▸ **Directions for this task**
Only the lines from the beginning of the listing below through the line with "Ferragamo Cube Mens" belong in the answer; please print them exactly and drop the pictures.

▸ **Given material**
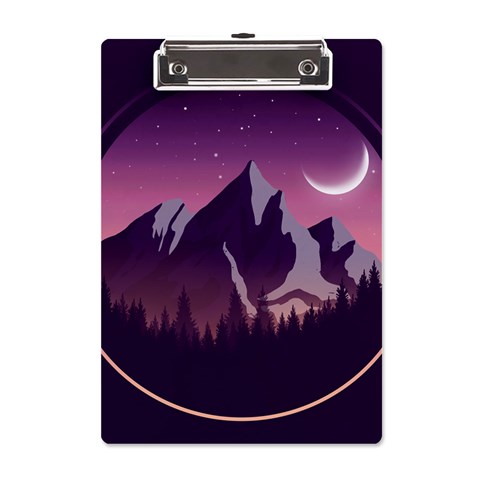 Mountain Night Crescent Moon A5 Acrylic Clipboard from ArtsNow.com Front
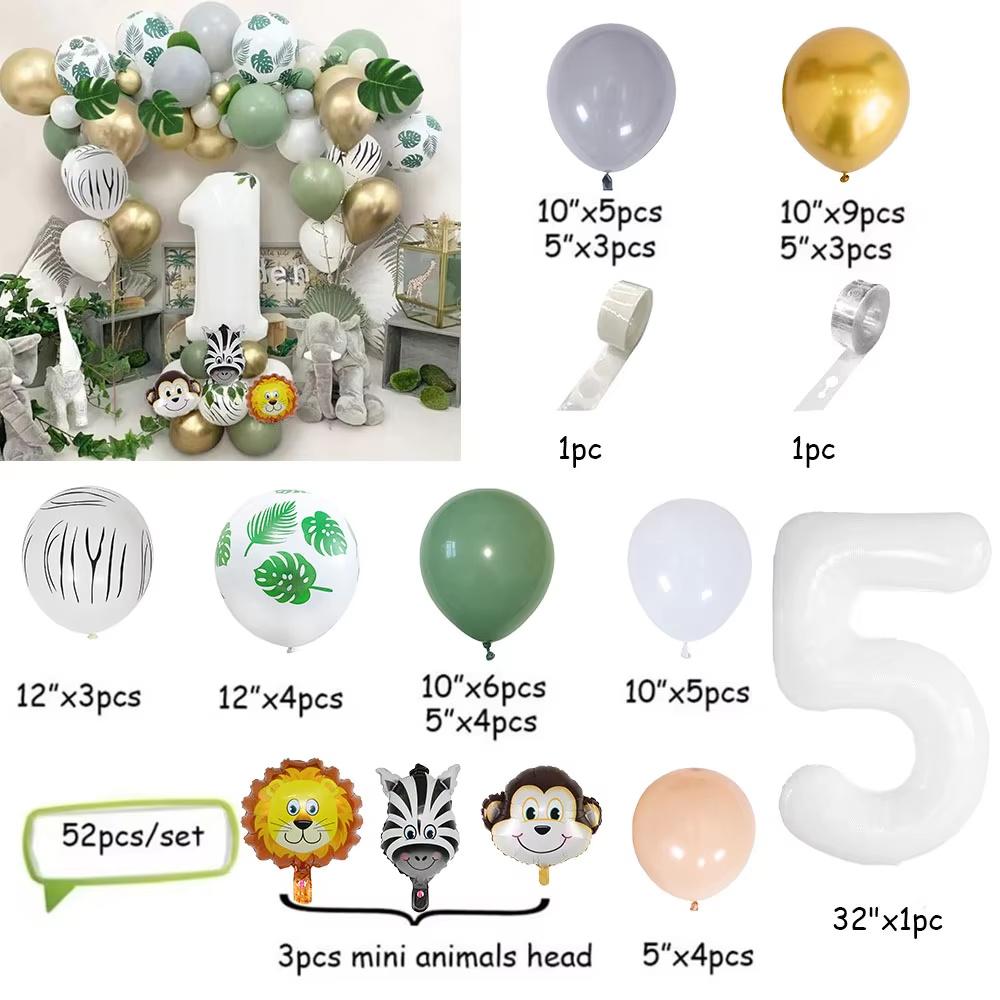 52pcs Jungle Animal Number Balloons Set Retro Avocado Green Metallic Gold Latex Balloon 1 Year Old Birthday Baby Shower Decor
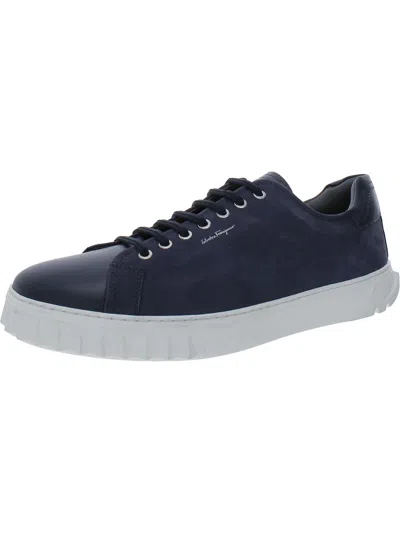 Ferragamo Cube Mens Leather Casual And Fashion Sneakers In Blue
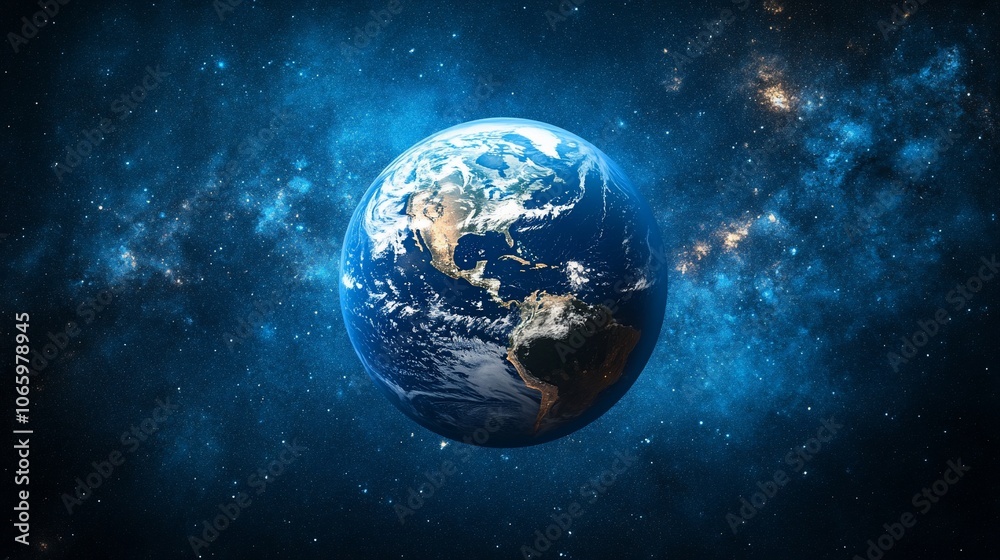 Obraz premium A stunning image of planet Earth from space, showcasing its continents, oceans, and swirling clouds against a backdrop of twinkling stars and cosmic dust.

▸ **Task output**
 Mountain Night Crescent Moon A5 Acrylic Clipboard from ArtsNow.com Front
 52pcs Jungle Animal Number Balloons Set Retro Avocado Green Metallic Gold Latex Balloon 1 Year Old Birthday Baby Shower Decor
 Ferragamo Cube Mens Leather Casual And Fashion Sneakers In Blue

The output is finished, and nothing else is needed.